Son kullanıcıya yönelik siber saldırılar sahte sms, e-mail, telefon çağrısı, internet reklamı veya sosyal medya ağları gibi araçları kullanarak gerçekleştirilmektedir. Bu yöntemleri kullanan saldırganlar, insanların; bilgisayar veya maillerinin kullanıcı adı ve şifresi, kredi kartı bilgileri ve şifresi, kimlik bilgileri vs. gibi birçok kritik bilgiyi elde edebilmektedirler.  Böylece saldırganlar, istedikleri bilgiyi istedikleri şekilde kullanarak hedef aldıkları sistemin bir parçası, çalışanı veya yöneticisi gibi davranarak amaçlarına zahmetsizce ulaşabilir ve saldırılarını başarıyla tamamlayabilirler. Özellikle 2017 yılı içinde sık sık adını duyduğumuz, bulaştığı bilişim sistemleri üzerindeki dosyalara erişimi engelleyen wannacry, petya ve locky gibi fidye yazılımları da (ransomware) aynı yöntemlerle yayılarak yüzbinlerce bilgisayara enfekte olup, milyarlarca dolar zarara neden olmuş saldırılardır. Dünyayı kasıp kavuran, onlarca ülkeyi aynı anda etkileyen, bu zararlıların farkındalık eksikliğinden kaynaklı zafiyetleri istismar ederek yayılımlarına devam ettikleri görülmektedir.

İnsanlar hayatlarının hemen her alanında kullandıkları telefon, tablet ve bilgisayar gibi internete bağlı araçların aynı zamanda ne kadar tehlikeli olabileceğinin farkında değildir. Çoğunlukla insanlar sebep olabilecekleri zararın boyutunu algılayamamaktadırlar. Çünkü kendilerinin sıradan birer kullanıcı olarak ve hayatlarını kolaylaştırmak için kullandıkları internet ve bilişim sistemlerinin aynı zamanda yıkıcı bir silaha dönüşebileceği gerçeğinden haberdar değillerdir. Büyük bir bilişim sisteminin parçası olan bilinçsiz bir kişinin basit ve değersiz gördüğü bilgisayar şifresi saldırganlar için, bu büyük sistemi ele geçirmenin anahtarıdır. Yani tek bir insanın küçük bir hatası dev bir yapıyı çökertebilir.

Ülkemizin siber güvenlik farkındalığı da maalesef pek umut verici seviyelerde değildir.

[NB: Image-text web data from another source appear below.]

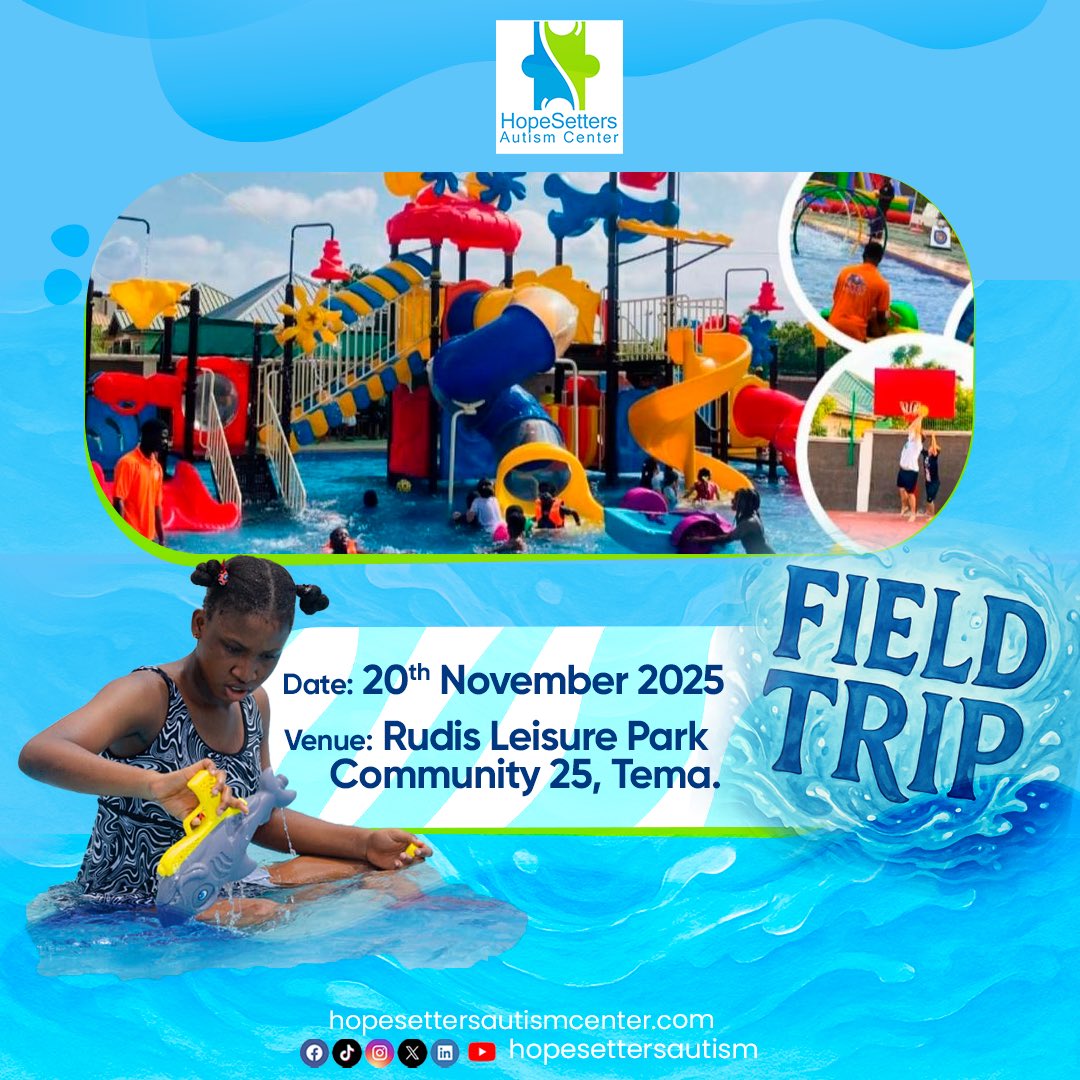 HopeSetters's tweet photo. 💧🌊 Our learners at Hopesetters Autism Center are heading to Rudis Leisure Park, Tema for Aqua Therapy! 

This fun, therapeutic trip will boost motor skills, confidence, social skills, and exposure.
#Autism
#HopesettersAutismCenter
#autismawareness https://t.co/zbAL7H4phN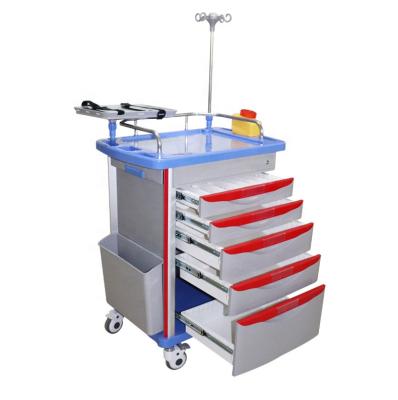 China Durable ABS Plastic Furniture Anesthesia Medicine Medical Hospital Trolley Emergency Treatment Trolley for sale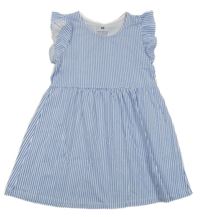 Modro-biele pruhované bavlnené šaty H&M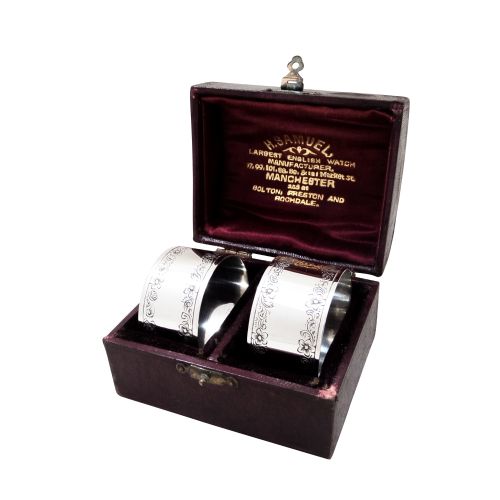 Pair of Antique Victorian Sterling Silver Napkin Rings in Case 1900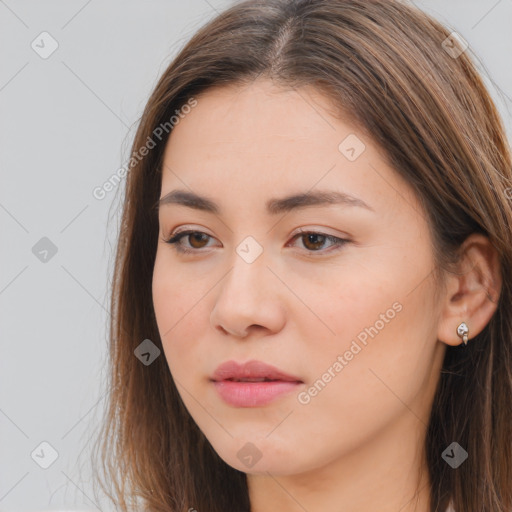 Neutral white young-adult female with long  brown hair and brown eyes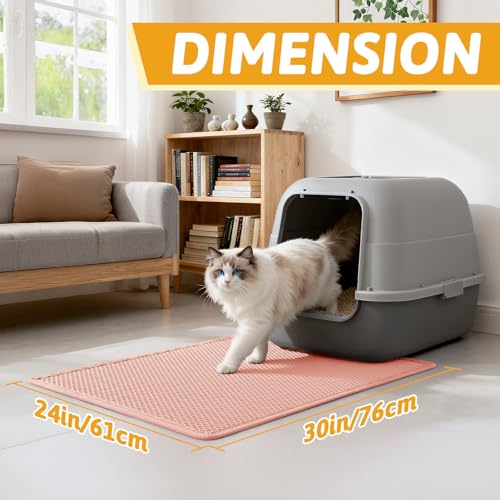 Pieviev Cat Litter Mat Double Layer Waterproof Urine Proof Trapping Mat 1 Pack (Red, 30x24 Inch (Pack of 1)) - color: Coral Red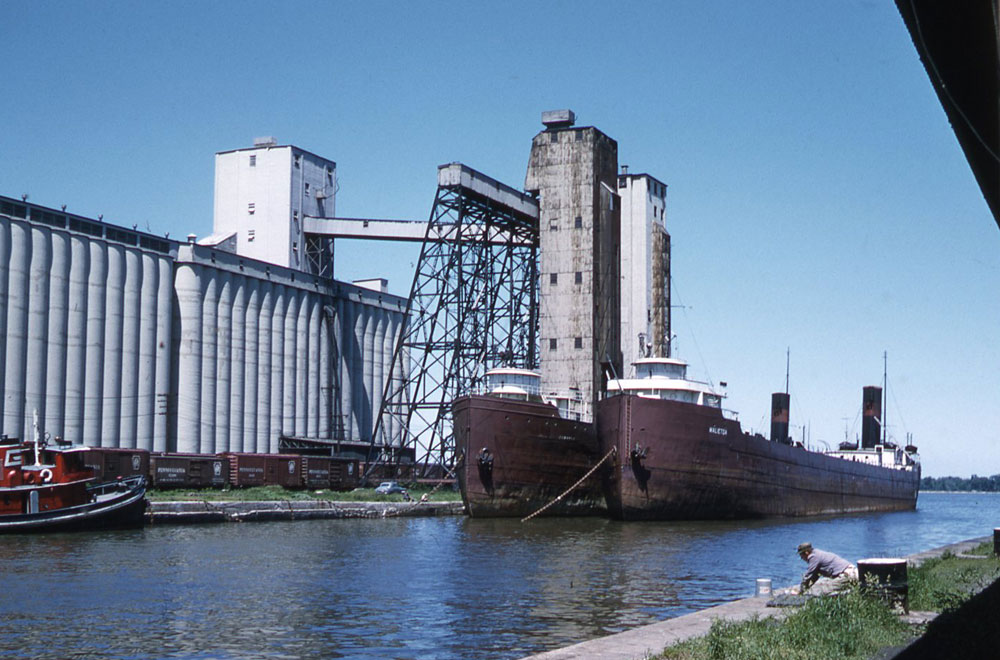 Erie Harbour - empty grain ships (photo by Henry Tribe 1958)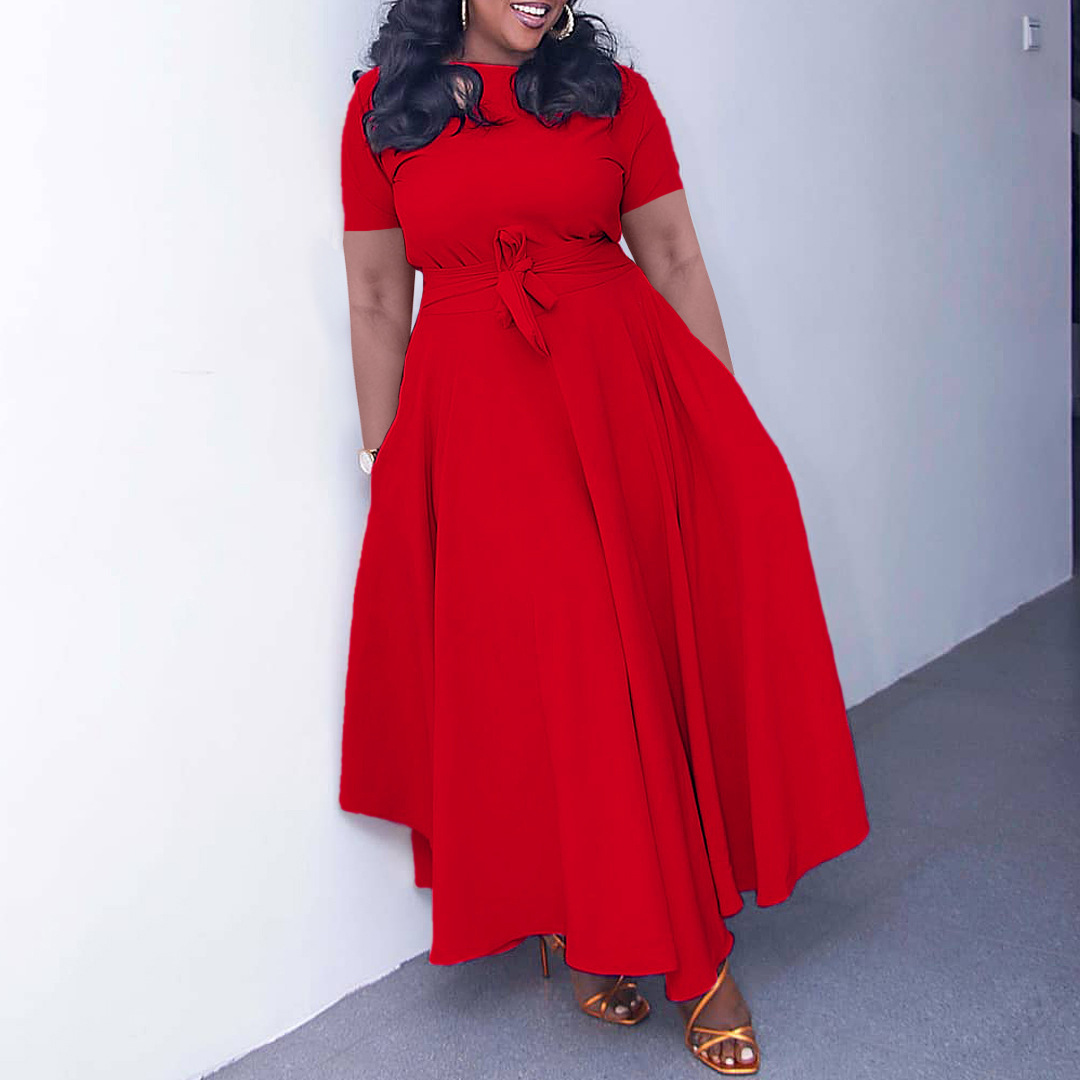 Women's Summer Fashion Chic Solid Short Sleeve A-Line Africa Plus Size Dress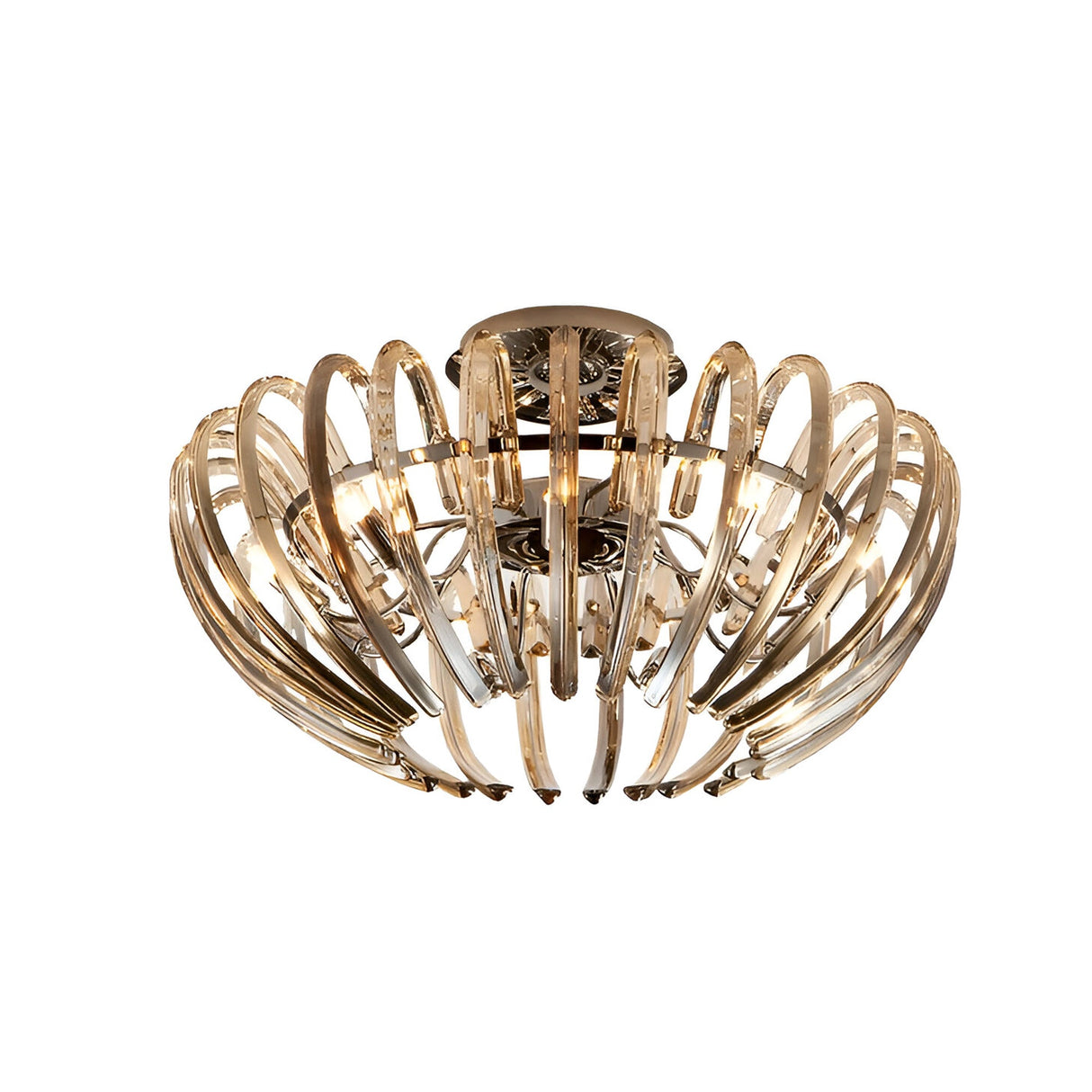 Ariadna 9 Light Crystal Semi-Flush - Champagne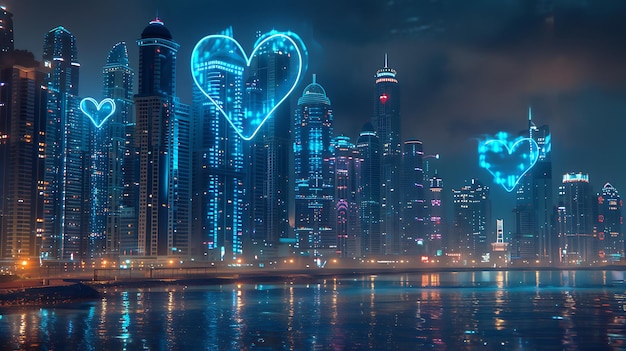 Paisaje urbano con corazones azules brillantes La imagen muestra una vista nocturna de una ciudad con rascacielos y un río en primer plano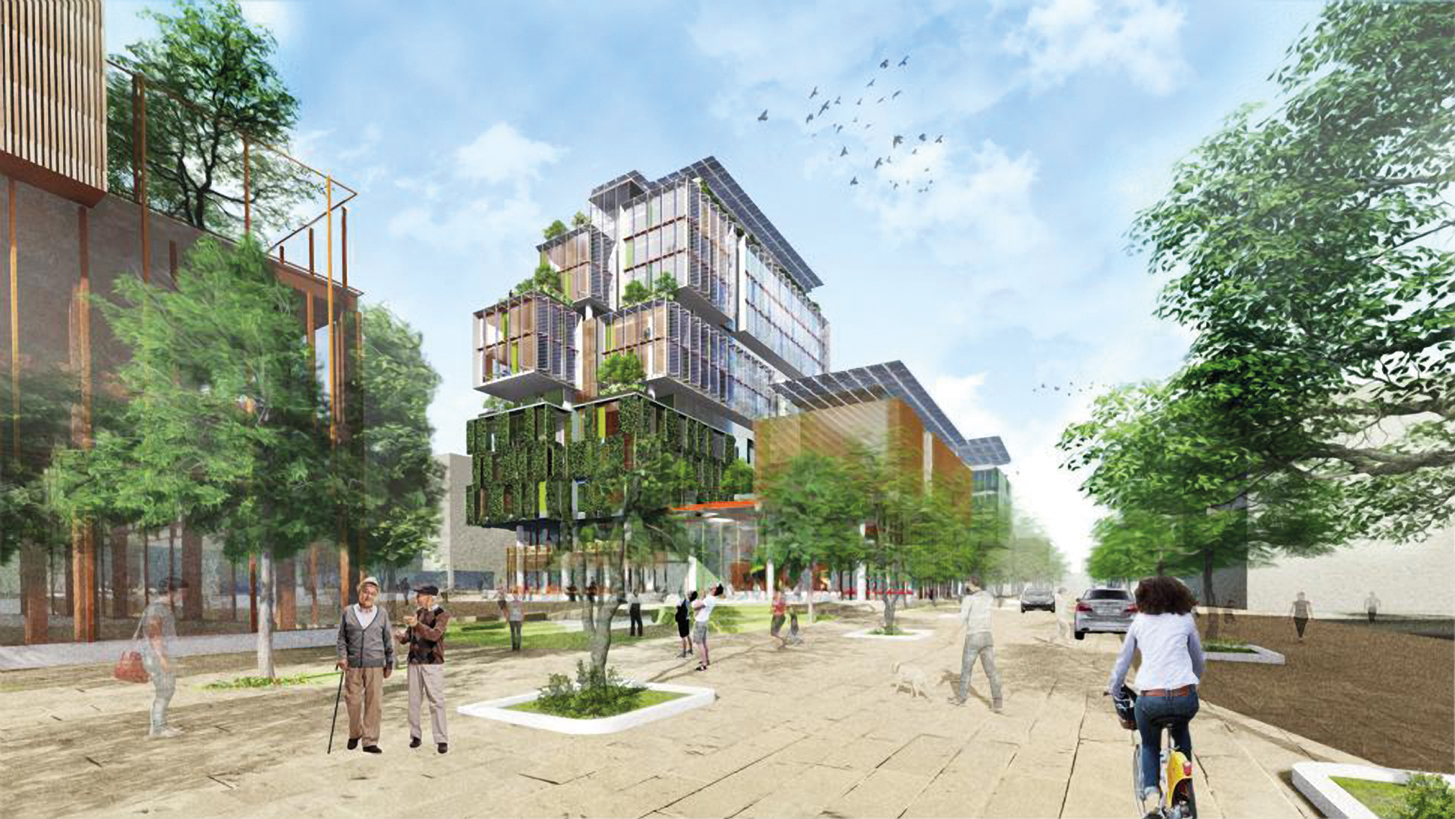 4 Co-création d’un projet mixte innovant au quartier Grünewald s’inscrivant dans la philosophie « Cradle to cradle ». Mission de génie civil. A : William McDonough & Partners, Areal Landscape Architects, Ballini-Pitt Architectes-Urbanistes, Temperaturas extremas arquitectos. MO : Fonds d’Urbanisation et d’Aménagement du Plateau du Kirchberg. SGI INGENIERIE S.A. LUXEMBOURG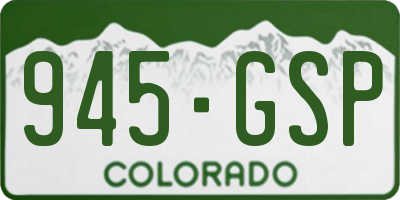 CO license plate 945GSP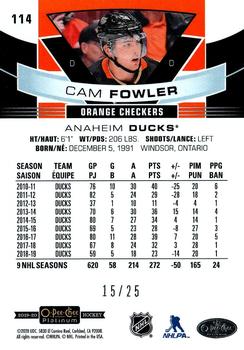 2019-20 O-Pee-Chee Platinum - Orange Checkers #114 Cam Fowler Back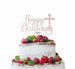 Happy Christening with Cross Cake Topper Glitter Card White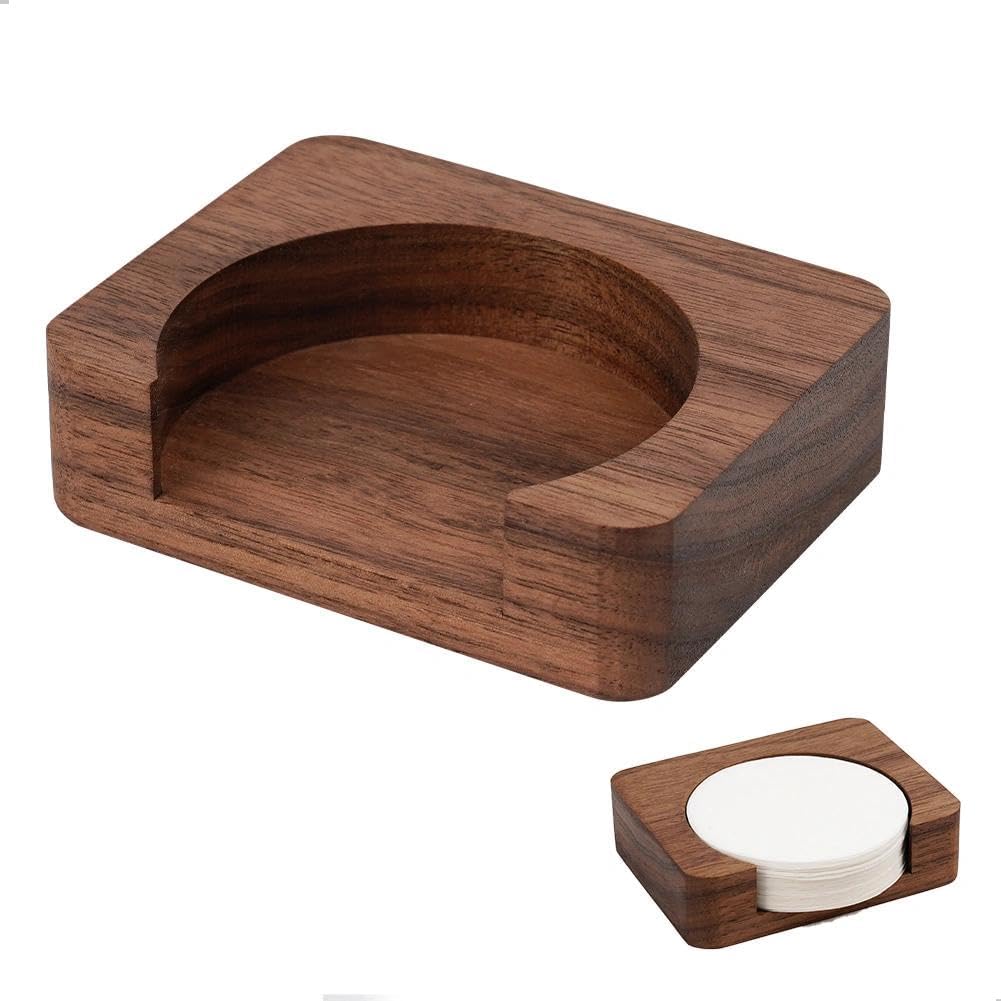 watchget Wood Espresso Paper Filter Holder Stand 58mm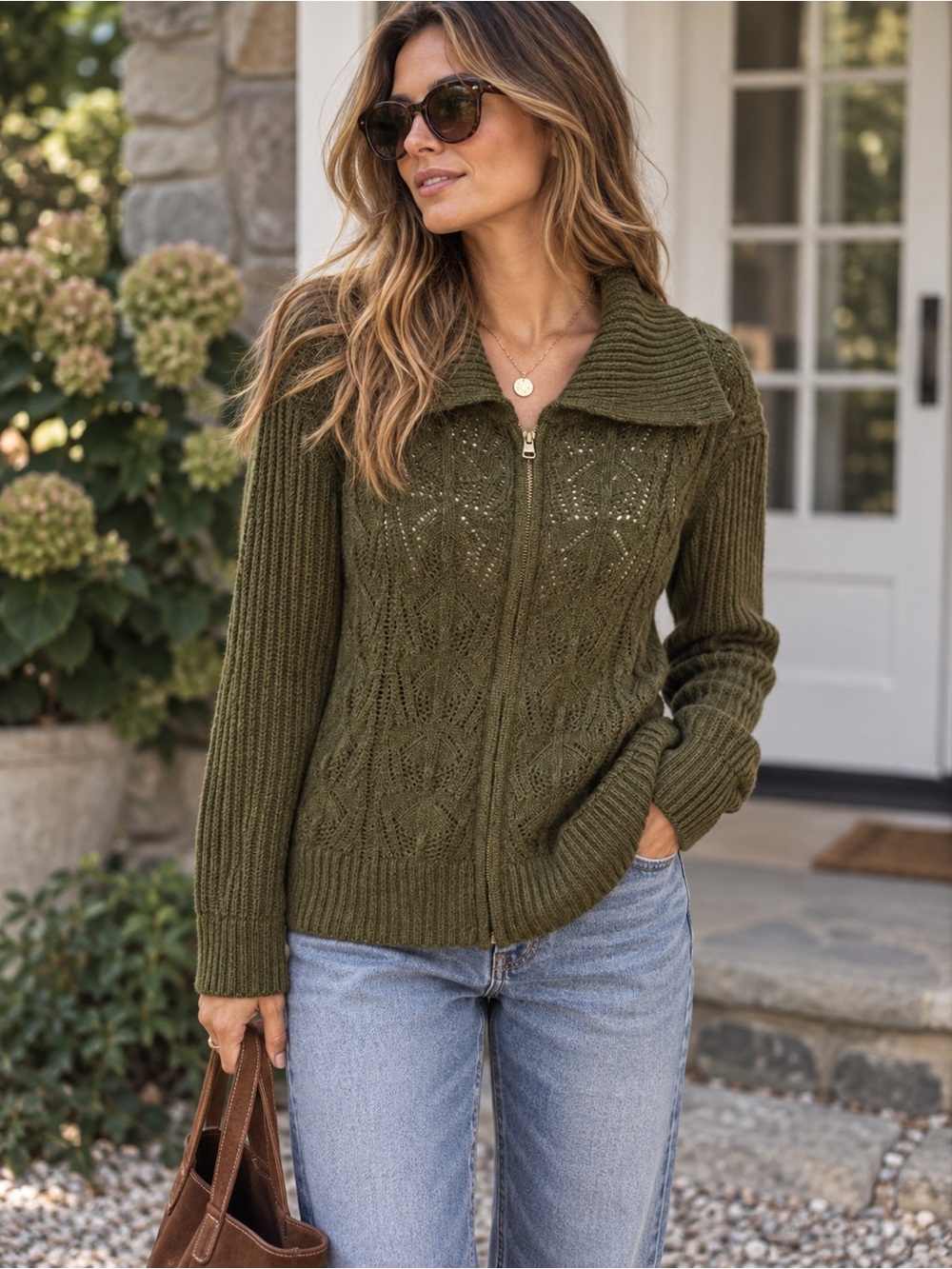 Talbots Olive Green Zip-Front Cable Knit Zip Cardigan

Yapılan tüm uyarılara rağmen telefon ve internet dolandırıcılığı mağdurlarına her geçen gün yeni kurbanlar ekleniyor olması ve bu mağdurların her eğitim seviyesinden ve her gelir gurubundan olabilmesi bu durumun acı bir kanıtıdır.  Asgari ücretle çalışan bir fabrika işçisinin de, aynı fabrikanın sahibi iş adamının da veya üniversitede öğretim görevlisi olan bir profesöründe, bu mağdurlar arasında yer alabileceği görülmektedir. Bu durum siber güvenlik farkındalığının istisnasız toplumun her kesiminde artırılması gerektiğini göstermektedir. Dolayısıyla sosyoloji ve toplumsal psikoloji parametreleri dikkate alınarak özel olarak geliştirilen, uygulamalı eğitimler uzun bir sürece yayılarak, toplumun her kesimine ve her yaş grubuna verilmelidir. Böylece siber güvenliğin en zayıf halkası güçlendirilerek, siber güvenlik sisteminin bütünü güçlendirilmiş olacak ve ülkemizin siber güvenlik farkındalığı artırılarak ulusal güvenliğimize katkı sağlanmış olacaktır.